→ **What you need to do**
Looking at the listing below, retype exactly the lines starting at the one containing "10pcs Extra Large" and ending at the one containing "Details of newel posts.", both included, and nothing else.

→ **Records provided**
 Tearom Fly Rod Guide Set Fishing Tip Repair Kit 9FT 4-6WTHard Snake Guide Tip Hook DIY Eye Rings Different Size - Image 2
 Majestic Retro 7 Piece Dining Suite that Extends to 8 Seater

==

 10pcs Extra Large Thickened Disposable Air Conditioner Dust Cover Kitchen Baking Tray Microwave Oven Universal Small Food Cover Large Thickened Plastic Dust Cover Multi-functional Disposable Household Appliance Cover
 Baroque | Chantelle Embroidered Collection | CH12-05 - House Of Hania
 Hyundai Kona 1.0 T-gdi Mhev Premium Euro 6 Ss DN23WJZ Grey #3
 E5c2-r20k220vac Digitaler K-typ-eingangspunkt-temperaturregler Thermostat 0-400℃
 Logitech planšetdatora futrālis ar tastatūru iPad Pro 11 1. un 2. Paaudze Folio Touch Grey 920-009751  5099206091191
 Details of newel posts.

---

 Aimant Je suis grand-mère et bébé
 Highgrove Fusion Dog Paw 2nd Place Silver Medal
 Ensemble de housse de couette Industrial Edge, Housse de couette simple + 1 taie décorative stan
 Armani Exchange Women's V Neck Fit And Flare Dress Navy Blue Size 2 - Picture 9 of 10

→ **Response below**
 10pcs Extra Large Thickened Disposable Air Conditioner Dust Cover Kitchen Baking Tray Microwave Oven Universal Small Food Cover Large Thickened Plastic Dust Cover Multi-functional Disposable Household Appliance Cover
 Baroque | Chantelle Embroidered Collection | CH12-05 - House Of Hania
 Hyundai Kona 1.0 T-gdi Mhev Premium Euro 6 Ss DN23WJZ Grey #3
 E5c2-r20k220vac Digitaler K-typ-eingangspunkt-temperaturregler Thermostat 0-400℃
 Logitech planšetdatora futrālis ar tastatūru iPad Pro 11 1. un 2. Paaudze Folio Touch Grey 920-009751  5099206091191
 Details of newel posts.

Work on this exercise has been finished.